The root of the issue: data aggregators
The heart of the problem lies with the third-party data aggregators that most budgeting apps rely on to establish connections with various financial institutions. These aggregators serve as intermediaries, pulling account data from banks and feeding it into finance apps. In Canada, data aggregators have long struggled with the reliability and stability of bank integrations due to the complex web of financial institutions.
Aggregators frequently encounter connection breakdowns as banks update their online platforms, modify authentication methods, or implement new security measures. Every change requires aggregators to adjust their integration techniques, leading to service disruptions for app users.
Because of these technical challenges, many budgeting apps have scaled back their support for Canadian banks, and some have left the Canadian market entirely. That leaves users in a tough spot. You set up an app, get it working, and then one day the bank connection breaks and your financial picture falls apart.
Reading the alerts you already get
A newer approach skips the unreliable data aggregator model entirely. Instead of connecting to your bank, Skwad reads the bank alerts and notifications you already receive, then parses and categorizes those transactions for you.
You forward (or auto-forward) those alerts to a dedicated Skwad scan inbox.

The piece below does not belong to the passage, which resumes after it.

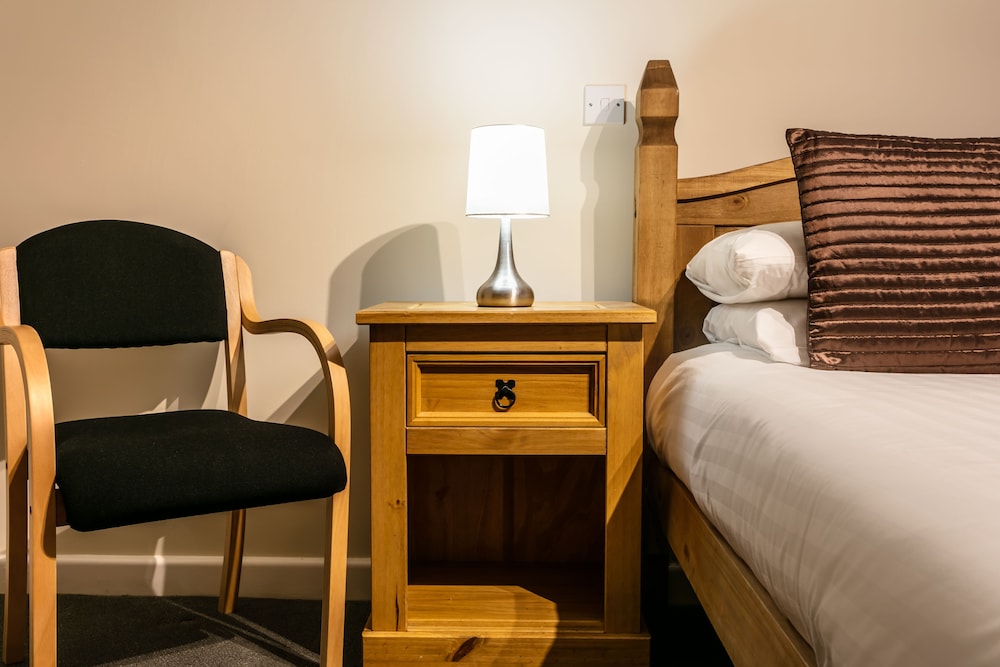 Roydon Marina Village Hotel 25/49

Skwad pulls out the details that matter — merchant names, amounts, and dates — and adds them to your account, categorized. The result is a real-time financial feed without a single direct bank connection. When the aggregators break, you don’t notice, because you were never relying on them.
It’s also more private. You get a full budgeting app without connecting your bank accounts or handing over your login credentials. Your data stays yours. If you’d rather not link a bank at all, you can also track balances manually.
Skwad is here to stay
As traditional budgeting apps keep pulling back from the Canadian market, we’re doing the opposite. We’ve built Skwad around a method that doesn’t depend on the connections that keep failing Canadians.
If you’re tired of unreliable bank syncing and you care about your privacy, try Skwad today.
Frequently asked questions
Why do budgeting apps keep losing support for Canadian banks?
Most apps connect through third-party data aggregators that act as intermediaries between the app and your bank. Every time a Canadian bank updates its online platform, authentication, or security measures, the aggregator’s integration breaks until it is rebuilt. These repeated breakdowns are why some apps scale back Canadian support or leave the market entirely.
Can I use Skwad without connecting my bank account?
Yes. Skwad’s default method reads the transaction alerts your bank already sends to a dedicated scan inbox, then parses and categorizes them automatically. You never connect your bank account directly or share login credentials, so your data stays private.
Does Skwad work with my Canadian bank?
If your bank or credit card provider sends transaction alerts and notifications, Skwad can track your spending from them. That covers the major Canadian banks and credit unions, regardless of whether a data aggregator supports your institution.